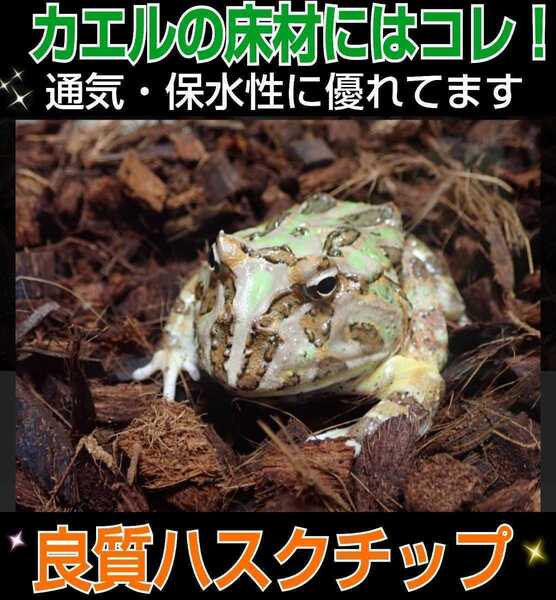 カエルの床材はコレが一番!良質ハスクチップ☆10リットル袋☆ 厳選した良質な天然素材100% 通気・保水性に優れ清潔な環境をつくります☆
- - -
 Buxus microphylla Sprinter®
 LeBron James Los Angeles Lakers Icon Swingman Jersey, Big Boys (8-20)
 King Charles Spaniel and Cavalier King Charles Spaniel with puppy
- - -
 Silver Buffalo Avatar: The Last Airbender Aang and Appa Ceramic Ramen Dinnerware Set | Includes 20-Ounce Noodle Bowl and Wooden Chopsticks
- - -
Print exactly the lines above, between the one holding "LeBron James Los" and the one holding "King Charles Spaniel and", inclusive, and nothing besides.

WRITTEN SOLUTION>
 LeBron James Los Angeles Lakers Icon Swingman Jersey, Big Boys (8-20)
 King Charles Spaniel and Cavalier King Charles Spaniel with puppy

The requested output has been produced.